This implies that the original data has to be oversampled by at least
a  factor of 2. We resample our simulated data so
that $h_j\equiv h(2j\Delta t)$ accordingly. Among the various
algorithms to generated a TF map, we find that the WVD is most
suitable for our purpose. We show in figures \ref{f:wigwithoutsig} and 
\ref{f:wigwithsig} WVD distributions of timeseries data containing 
only noise and  timeseries data containing noise and an injected
signal. 
\begin{figure}[htbp]
\begin{center}
\epsfig{file=Figures/tfmap0.eps,angle=-90,width=3.2in}
\caption{ \label{f:wigwithoutsig}
The WVD of simulated initial LIGO noise.
 }
\end{center}
\end{figure}
The signal has been injected at an optimal filter signal to
noise ration of 8.

\begin{figure}[htbp]
\begin{center}
\epsfig{file=Figures/tfmap8.eps,angle=-90,width=3.2in}
\caption{ \label{f:wigwithsig}
The WVD of simulated initial LIGO noise and a signal embedded at an
SNR or 8.
 }
\end{center}
\end{figure}

Two versions of the Wigner-Ville transform are implemented. 
Equation (\ref{eq:WigTrans}) contains expressions of the form
$h(t-\tau/2)$, which when discretized become $h_{j-k/2}$. This implies
that for $j=0$ we require array points with negative indices. There
are two ways of handling this problem. One can assume that these array
points have a value of zero or one can assume that these array points
refer to data points before $h_0$. We implement both versions of the
Wigner transform. Please note that we have used the former one in 
\cite{timefreqpap}.

\subsubsection{Windowed Fourier transform}

The basic idea here is to multiply the data train with a window
function and compute the Fourier transform. We use the Welch Window
for our Windowed Fourier transforms (WFT). The WFT is defined by the
relation,
$$
\rho(t,f) = \int_{-\infty}^\infty h(\tau) w(\tau - t) e^{2\pi i f\tau} d\tau, 
$$
where, $w(t,\tau)$ is given as,
\begin{eqnarray}
w(\tau) &=& 1.0 - \frac{4.0 \tau^2}{d^2}  \ \ \ \ \ \  : \|\tau\| < d/2\\
&=& 0.0 \ \ \ \ \ \ \ \ \ \ \ \ \ \ \ \ \ \ \ \ \ :  \|\tau\| \geq d/2,
\end{eqnarray}

where $d$ is the width of the window. 

\subsubsection{Choi-William's distribution}
The Choi Williams distribution (CWD),  is given by the relation,
\begin{equation}
\rho(t,f) = \int_{-\infty}^\infty \int_{-\infty}^\infty h\left(u - \frac{\tau}{2}\right)
h^*\left(u + \frac{\tau}{2}\right) \sqrt{\frac{\pi\sigma}{\tau^2}}
e^{-\pi^2\sigma\frac{(u-t)^2}{\tau^2} - 2\pi i \tau f} d\tau du, 
\end{equation}
where $\sigma$ is the width of the window. As described in section
\ref{sss:WVD} we again need to oversample the data train at least by a
factor of two. Also it is to be noted that the Choi-Williams transform
is quite expensive to compute. 

\subsection{Steger's Line Detection Routines}
A gravitational wave signal in interferometer data $h(t)$ should produce a
ridge in the TFD $\rho(t,f)$.  Therefore, to detect GWs, a ridge detection
algorithm (or equivalently line detection algorithm if $\rho(t,f)$ is
represented as a gray-scale map as in Fig.  \ref{f:wigwithsig}) is required.
Fortunately, there are a number of ridge detection algorithms in the digital
image processing and computer vision literature from which to choose.
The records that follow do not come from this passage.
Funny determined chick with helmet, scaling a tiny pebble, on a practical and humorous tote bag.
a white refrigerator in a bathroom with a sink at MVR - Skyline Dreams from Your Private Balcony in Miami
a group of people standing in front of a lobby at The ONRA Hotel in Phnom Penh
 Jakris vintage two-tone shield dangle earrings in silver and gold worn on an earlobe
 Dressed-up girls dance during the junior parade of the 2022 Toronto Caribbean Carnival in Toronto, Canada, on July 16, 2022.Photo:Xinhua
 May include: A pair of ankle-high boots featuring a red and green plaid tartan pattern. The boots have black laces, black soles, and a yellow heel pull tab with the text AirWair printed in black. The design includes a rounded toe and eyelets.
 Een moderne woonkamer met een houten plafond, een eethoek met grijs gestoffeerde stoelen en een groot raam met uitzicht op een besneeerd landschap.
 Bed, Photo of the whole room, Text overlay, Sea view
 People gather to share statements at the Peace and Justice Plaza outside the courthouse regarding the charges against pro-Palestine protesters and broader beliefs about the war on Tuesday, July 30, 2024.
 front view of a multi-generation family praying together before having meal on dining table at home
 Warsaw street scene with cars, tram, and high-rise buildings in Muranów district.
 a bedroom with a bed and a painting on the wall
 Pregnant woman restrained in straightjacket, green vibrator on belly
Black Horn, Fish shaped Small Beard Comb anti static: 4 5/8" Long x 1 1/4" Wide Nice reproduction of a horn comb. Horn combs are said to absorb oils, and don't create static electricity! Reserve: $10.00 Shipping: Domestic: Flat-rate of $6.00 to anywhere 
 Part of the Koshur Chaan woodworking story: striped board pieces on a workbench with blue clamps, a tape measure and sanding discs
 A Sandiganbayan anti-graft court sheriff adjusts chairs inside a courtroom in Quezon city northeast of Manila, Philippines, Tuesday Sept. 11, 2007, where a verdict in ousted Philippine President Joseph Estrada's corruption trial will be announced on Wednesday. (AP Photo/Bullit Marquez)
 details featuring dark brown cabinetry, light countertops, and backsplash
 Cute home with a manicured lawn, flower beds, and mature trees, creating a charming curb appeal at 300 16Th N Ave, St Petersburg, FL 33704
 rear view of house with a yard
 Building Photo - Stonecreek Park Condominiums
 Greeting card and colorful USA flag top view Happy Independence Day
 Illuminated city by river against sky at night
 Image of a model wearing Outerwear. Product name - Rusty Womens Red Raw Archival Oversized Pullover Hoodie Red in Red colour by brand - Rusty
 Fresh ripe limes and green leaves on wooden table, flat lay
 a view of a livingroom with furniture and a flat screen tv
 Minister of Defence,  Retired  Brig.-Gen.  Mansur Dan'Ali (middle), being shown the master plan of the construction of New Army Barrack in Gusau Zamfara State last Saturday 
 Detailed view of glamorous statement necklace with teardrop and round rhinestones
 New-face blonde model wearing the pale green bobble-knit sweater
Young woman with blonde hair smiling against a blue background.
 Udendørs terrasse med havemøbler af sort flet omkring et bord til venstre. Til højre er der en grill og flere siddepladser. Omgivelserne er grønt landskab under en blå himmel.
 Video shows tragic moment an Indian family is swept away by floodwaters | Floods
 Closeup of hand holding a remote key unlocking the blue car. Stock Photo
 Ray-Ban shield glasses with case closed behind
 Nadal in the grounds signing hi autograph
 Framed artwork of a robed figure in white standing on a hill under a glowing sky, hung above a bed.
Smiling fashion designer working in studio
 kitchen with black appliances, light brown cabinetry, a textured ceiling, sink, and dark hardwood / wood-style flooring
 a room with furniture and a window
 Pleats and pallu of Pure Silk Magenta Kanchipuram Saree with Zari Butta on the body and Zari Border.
We use Steger's second-derivative hysteresis-threshold algorithm
\cite{Stegerspap}. The essential idea of this scheme is simple. A ridge in a
surface will have high curvature (second derivative of $\rho(t,f)$) in the
direction perpendicular to the ridge. Furthermore, the first derivative will
vanish at the top of the ridge, since it is a local maximum. Thus, ridges are
identified as contiguous sets of point at which $\rho(t,f)$ has a
high-curvature local maximum. We have included Stegers code
\cite{Stegerscode} in the GRASP package with minor changes. The main
aim of making the the changes was to enable Steger's routines to take
a map whose pixels are of type {\tt float} rather than {\tt unsigned
char}. For details about this algorithm please see \cite{timefreqpap,Stegerspap}





\newpage
\subsection{Structure: {\tt struct struct\_tfparam}}
\label{ss:tfstruct}
The structure  {\tt struct\_tfparam} is the main structure used by the
time-frequency routines and the program calling these routines. Some
of the fields of this structure are used by the time-frequency
routines while others are others are useful for book keeping. 
(We will use the abbreviation BK to denote the fields used for Book Keeping.) 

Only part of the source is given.